Description of Registrants Securities

EX-4.5 2 ex_177054.htm EXHIBIT 4.5 ex_177054.htm

Exhibit 4.5 

 

DESCRIPTION OF THE REGISTRANT’S SECURITIES
REGISTERED PURSUANT TO SECTION 12 OF THE
SECURITIES EXCHANGE ACT OF 1934

 

As of March 13, 2020, Pure Acquisition Corp. (the “Company”) has three classes of securities registered under Section 12 of the Securities Exchange Act of 1934, as amended (the “Exchange Act”): (1) our units; (2) our common stock; and (3) our warrants.

 

The following description of our units, common stock, and warrants is a summary and does not purport to be complete. It is subject to and qualified in its entirety by reference to our second amended and restated certificate of incorporation, dated as of April 10, 2018, as amended by that certain certificate of amendment to certificate of incorporation of the Company, effective as of April 12, 2018, as further amended by that certain third amendment to the second amended and restated certificate of incorporation of the Company, effective as of February 20, 2020 (collectively, our “Charter”) and our Bylaws (the “Bylaws”), each of which are incorporated by reference as an exhibit to the Annual Report on Form 10-K of which this Exhibit 4.5 is a part. We encourage you to read our Charter, our Bylaws and the applicable provisions of Delaware General Corporations Law (Title 8, Chapter 1 of the Delaware Code).

 

Terms not otherwise defined herein shall have the meaning assigned to them in the Annual Report on Form 10-K of which this Exhibit 4.5 is a part.

 

1.             Description of Units

 

Each unit consists of one share of common stock and one-half of one redeemable warrant. Each warrant entitles the holder thereof to purchase one share of our common stock at a price of  $11.50 per share, subject to adjustment in either case as described in the prospectus filed with the SEC on April 16, 2018 (File No. 333-223845) (the “Prospectus”). Pursuant to the warrant agreement, a warrantholder may exercise its warrants only for a whole number of shares of common stock. No fractional shares will be issued upon exercise of the warrants.

 

2.             Description of Common Stock

 

Pursuant to our Charter, our authorized capital stock consists of 200,000,000 shares of common stock, $0.0001 par value and 1,000,000 shares of preferred stock, $0.0001 par value.

 

Common stockholders of record are entitled to one vote for each share held on all matters to be voted on by stockholders. Unless specified in our Charter or Bylaws, or as required by applicable law or stock exchange rules, the affirmative vote of a majority of our shares of common stock that are voted is required to approve any such matter voted on by our stockholders (including the election of directors). Our board of directors is divided into three classes, each of which, other than the initial term, generally serves for a term of three years with only one class of directors being elected in each year.

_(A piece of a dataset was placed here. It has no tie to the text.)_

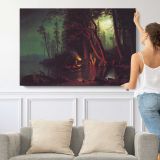 Lake Tahoe Spearing Fish by Albert Bierstadt - single-panel canvas shown with a person for scale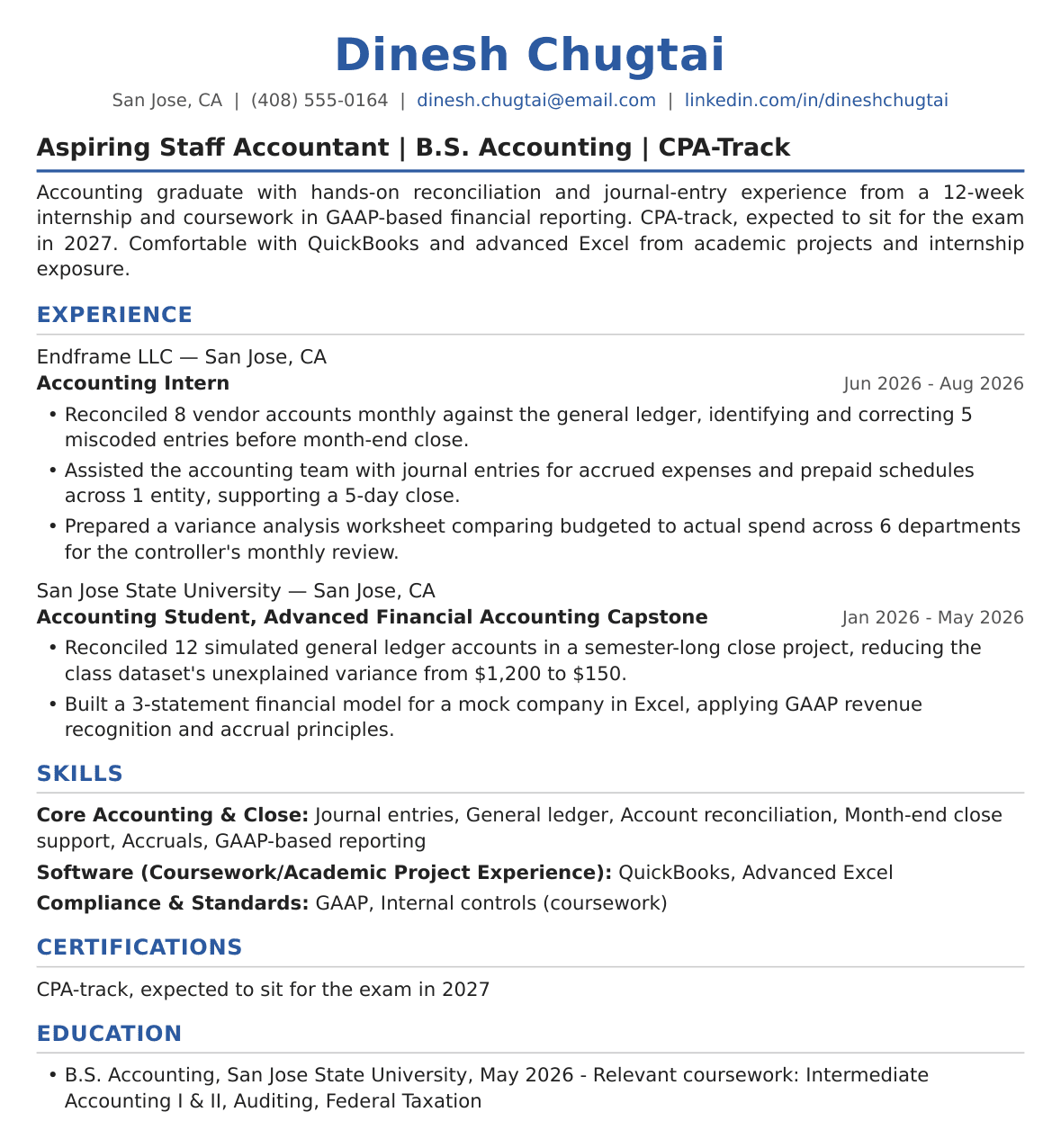 Entry-Level Staff Accountant Resume Example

There is no cumulative voting with respect to the election of directors, with the result that the holders of more than 50% of the shares voted for the election of directors can elect all of the directors. Our stockholders are entitled to receive ratable dividends when, as and if declared by the board of directors out of funds legally available therefor.

 

Because our Charter authorizes the issuance of up to 200,000,000 shares of common stock, if we were to enter into an initial business combination, we may (depending on the terms of such an initial business combination) be required to increase the number of shares of common stock which we are authorized to issue at the same time as our stockholders vote on the initial business combination to the extent we seek stockholder approval in connection with our initial business combination.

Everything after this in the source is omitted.